(Material supplied begins)

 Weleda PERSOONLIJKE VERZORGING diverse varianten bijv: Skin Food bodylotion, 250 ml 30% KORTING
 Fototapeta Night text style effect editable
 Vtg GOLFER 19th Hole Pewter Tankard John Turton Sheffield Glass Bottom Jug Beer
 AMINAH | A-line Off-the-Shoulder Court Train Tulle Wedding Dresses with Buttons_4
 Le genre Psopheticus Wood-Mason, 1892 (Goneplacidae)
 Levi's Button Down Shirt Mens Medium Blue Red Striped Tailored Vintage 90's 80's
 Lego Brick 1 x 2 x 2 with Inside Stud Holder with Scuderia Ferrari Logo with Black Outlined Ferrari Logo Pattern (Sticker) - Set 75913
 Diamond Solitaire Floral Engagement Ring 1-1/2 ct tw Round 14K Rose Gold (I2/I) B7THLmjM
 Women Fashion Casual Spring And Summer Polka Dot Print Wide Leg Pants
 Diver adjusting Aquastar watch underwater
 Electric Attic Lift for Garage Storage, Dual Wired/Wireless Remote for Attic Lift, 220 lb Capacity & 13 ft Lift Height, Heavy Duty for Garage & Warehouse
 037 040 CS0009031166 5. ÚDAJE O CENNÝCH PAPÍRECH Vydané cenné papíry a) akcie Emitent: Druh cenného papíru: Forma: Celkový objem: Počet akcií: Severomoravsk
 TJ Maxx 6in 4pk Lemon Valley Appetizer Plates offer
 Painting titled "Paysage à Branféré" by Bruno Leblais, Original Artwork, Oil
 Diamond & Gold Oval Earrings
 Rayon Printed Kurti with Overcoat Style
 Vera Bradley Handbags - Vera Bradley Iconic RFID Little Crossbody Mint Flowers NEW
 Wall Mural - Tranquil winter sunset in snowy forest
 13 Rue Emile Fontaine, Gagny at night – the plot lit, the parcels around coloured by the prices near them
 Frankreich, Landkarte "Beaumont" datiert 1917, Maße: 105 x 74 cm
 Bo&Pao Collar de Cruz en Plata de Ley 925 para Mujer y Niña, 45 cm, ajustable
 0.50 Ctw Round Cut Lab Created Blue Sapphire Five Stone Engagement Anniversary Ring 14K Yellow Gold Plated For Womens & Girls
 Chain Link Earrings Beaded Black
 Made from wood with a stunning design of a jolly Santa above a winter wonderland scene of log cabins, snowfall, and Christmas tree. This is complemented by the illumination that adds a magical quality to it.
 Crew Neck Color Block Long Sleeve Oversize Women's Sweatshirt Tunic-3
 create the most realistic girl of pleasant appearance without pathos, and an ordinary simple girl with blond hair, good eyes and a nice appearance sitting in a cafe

(Material supplied ends)

• _What is needed_
In the records above, find the line containing "Crew Neck Color"; please retype it and every line after it through the last line, exactly and with nothing else.

• _Written response_
 Crew Neck Color Block Long Sleeve Oversize Women's Sweatshirt Tunic-3
 create the most realistic girl of pleasant appearance without pathos, and an ordinary simple girl with blond hair, good eyes and a nice appearance sitting in a cafe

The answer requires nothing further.